== WORK TASK ==
What is needed is a verbatim copy of all the records.

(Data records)

-- Opening Marker --

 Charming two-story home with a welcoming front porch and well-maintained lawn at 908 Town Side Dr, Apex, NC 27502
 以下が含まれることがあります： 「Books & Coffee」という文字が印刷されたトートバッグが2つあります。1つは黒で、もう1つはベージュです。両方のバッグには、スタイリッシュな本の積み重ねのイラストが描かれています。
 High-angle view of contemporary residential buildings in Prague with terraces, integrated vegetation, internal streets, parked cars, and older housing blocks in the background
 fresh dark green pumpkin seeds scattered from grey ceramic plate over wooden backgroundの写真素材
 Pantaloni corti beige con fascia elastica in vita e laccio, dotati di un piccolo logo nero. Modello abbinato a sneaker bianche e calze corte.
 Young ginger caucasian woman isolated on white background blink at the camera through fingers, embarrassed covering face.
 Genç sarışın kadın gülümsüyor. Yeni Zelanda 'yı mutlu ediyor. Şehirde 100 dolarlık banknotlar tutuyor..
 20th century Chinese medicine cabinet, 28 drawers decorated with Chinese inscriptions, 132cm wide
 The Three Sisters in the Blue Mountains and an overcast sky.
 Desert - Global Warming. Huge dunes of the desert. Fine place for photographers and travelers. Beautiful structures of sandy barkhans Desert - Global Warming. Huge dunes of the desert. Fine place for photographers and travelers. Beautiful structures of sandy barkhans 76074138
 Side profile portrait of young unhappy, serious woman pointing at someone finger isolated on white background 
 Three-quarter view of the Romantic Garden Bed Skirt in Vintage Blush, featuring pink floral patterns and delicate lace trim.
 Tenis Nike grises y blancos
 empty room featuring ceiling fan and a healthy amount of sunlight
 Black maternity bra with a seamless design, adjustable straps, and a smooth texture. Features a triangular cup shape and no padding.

-- Closing Marker --

== RESPONSE TO THIS TASK ==
 Charming two-story home with a welcoming front porch and well-maintained lawn at 908 Town Side Dr, Apex, NC 27502
 以下が含まれることがあります： 「Books & Coffee」という文字が印刷されたトートバッグが2つあります。1つは黒で、もう1つはベージュです。両方のバッグには、スタイリッシュな本の積み重ねのイラストが描かれています。
 High-angle view of contemporary residential buildings in Prague with terraces, integrated vegetation, internal streets, parked cars, and older housing blocks in the background
 fresh dark green pumpkin seeds scattered from grey ceramic plate over wooden backgroundの写真素材
 Pantaloni corti beige con fascia elastica in vita e laccio, dotati di un piccolo logo nero. Modello abbinato a sneaker bianche e calze corte.
 Young ginger caucasian woman isolated on white background blink at the camera through fingers, embarrassed covering face.
 Genç sarışın kadın gülümsüyor. Yeni Zelanda 'yı mutlu ediyor. Şehirde 100 dolarlık banknotlar tutuyor..
 20th century Chinese medicine cabinet, 28 drawers decorated with Chinese inscriptions, 132cm wide
 The Three Sisters in the Blue Mountains and an overcast sky.
 Desert - Global Warming. Huge dunes of the desert. Fine place for photographers and travelers. Beautiful structures of sandy barkhans Desert - Global Warming. Huge dunes of the desert. Fine place for photographers and travelers. Beautiful structures of sandy barkhans 76074138
 Side profile portrait of young unhappy, serious woman pointing at someone finger isolated on white background 
 Three-quarter view of the Romantic Garden Bed Skirt in Vintage Blush, featuring pink floral patterns and delicate lace trim.
 Tenis Nike grises y blancos
 empty room featuring ceiling fan and a healthy amount of sunlight
 Black maternity bra with a seamless design, adjustable straps, and a smooth texture. Features a triangular cup shape and no padding.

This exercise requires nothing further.